Perhaps it was because the model's face wasn't included in the shot but I couldn't help but see the dehumanizing quality of using a living, breathing female as a serving platter! I was horribly offended and even more so when I read that this is a trend that started in Japan and has moved to the US, first in Los Angeles and now in Seattle! Where will it stop? This is not celebratory of life at all. It is exploitative. Perhaps if others find it offensive, the sushi bar will lose customers and the practice will stop. In a paternalistic, capitalistic society, that is the best we can hope for.
Otherwise, still love Miscmedia.
Anne"
posted by clark 8:20 AM
Tuesday, November 11, 2003
MISCmedia IS DEDICATED TODAY to Art Carney, the long-enduring actor who went from The Honeymooners to the original Broadway cast of The Odd Couple to a slew of '70s and '80s comeback films.

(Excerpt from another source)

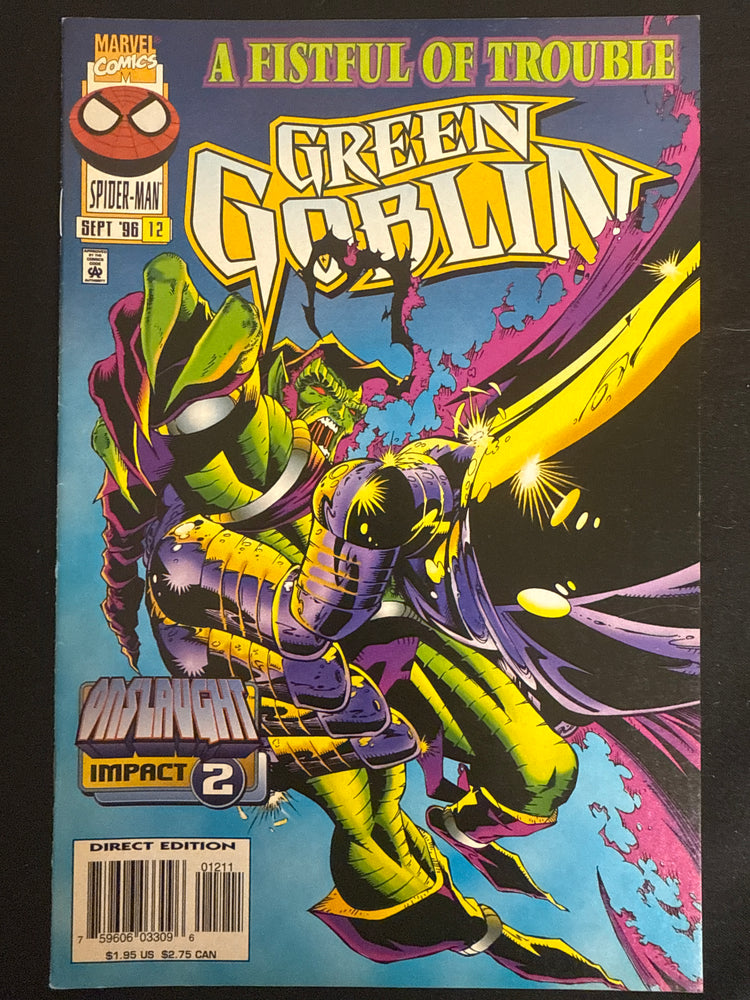 Green Goblin # 12  VF/NM (9.0)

Unfortunately, none of the initial online obits for Carney I saw mentioned perhaps his most poignant role, that of real-life Wash. state curmuddgeon and volcano victim Harry Truman in St. Helens.
posted by clark 11:36 PM
NANOWRIMO UPDATE: Made significant progress today, getting up to 15,460 words. By tomorrow, I'd need a total of 20,000 to meet the average pace required to get to 50,000 by the 30th. Hey, I might make the short-term goal, and I stand an excellent chance of making the final goal. As of this posting I'm #34 among 134 Seattle National Novel Writing Month participants in to-date verbiage production.
posted by clark 10:00 PM
SILLY CONTROVERSY OF THE WEEK: Some people are apparently irate about a Pioneer Square restaurant offering something called "Naked Sushi," an evening in which little sushi tidbits are served from the Saran-wrapped torso of a reposing woman (wearing just enough, besides the Saran, to appease the Liquor Board).

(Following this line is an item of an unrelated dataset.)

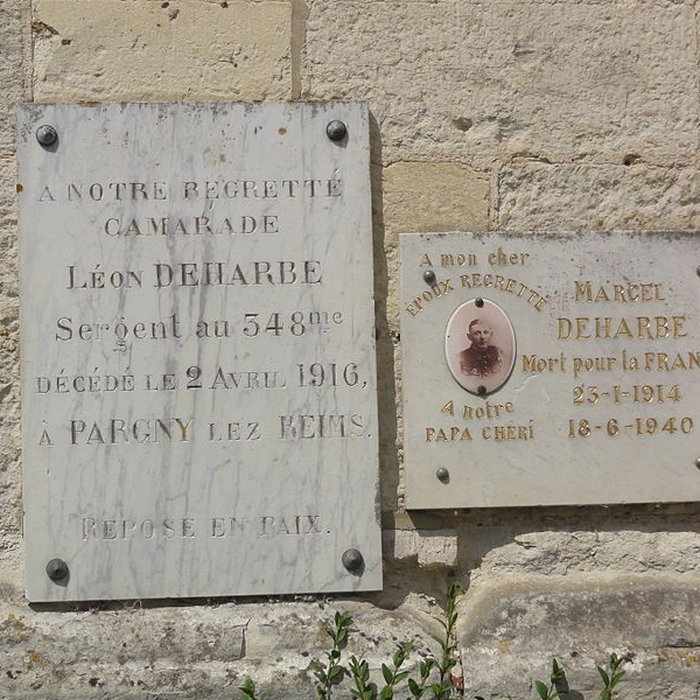 Photo de Église Saint-Martin de Burelles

This is essentially a commercialization of an old Yoko Ono performance-art piece; or, if you will, a fusion-cuisine adaptation of an old entertainment shtick done in Hellfire Club-era London drinking parlors (as fantasized about in Geoff Nicholson's novel The Food Chain.)
It's not a statement of hatred against women or against sushi. If the restaurant in question presents it in the proper way, it could be a statement of sensuality, of adoration, and of honor for the circle of life.
Or, if the restaurant in quesiton presents it in the improper way, it could just be a silly little lark.
posted by clark 11:04 AM
THANX TO ALL who attended the sold-out Rendezvous Reading Series last night, at which I showed off my travelogue pix from my August jury-duty assignment in Kent. One reading-goer even suggested it should become a book. I'll consider it.
Now, I'm back to my National Novel Writing Month self-imposed chores. It's going slower, at 13,117 words. But I did go back to the outlining of scenes, which is much further along. So the prose-ification of these scenes should go much more smoothly from here on.
posted by clark 8:50 AM
Monday, November 10, 2003
LIVE! IN PERSON! TONITE ONLY! Yr. humble web-editor shows off his pix of his summertime Kent jury-duty misadventure at the illustrious Rendezvous, Second Avenue north of Bell Street in Seattle, as part of the Rendezvous Reading Series tonight starting at 7. Be there or be suburban.
posted by clark 2:03 PM
Sunday, November 09, 2003
THE WASH. POST SEZ Seattle's the place to be for ambitious young techno-careerists, "a striving class of young Americans for whom race, ethnicity and geographic origin tend to be less meaningful than professional achievement, business connections and income." In other words, don't expect parking in Belltown on a Saturday night to get any easier any time soon.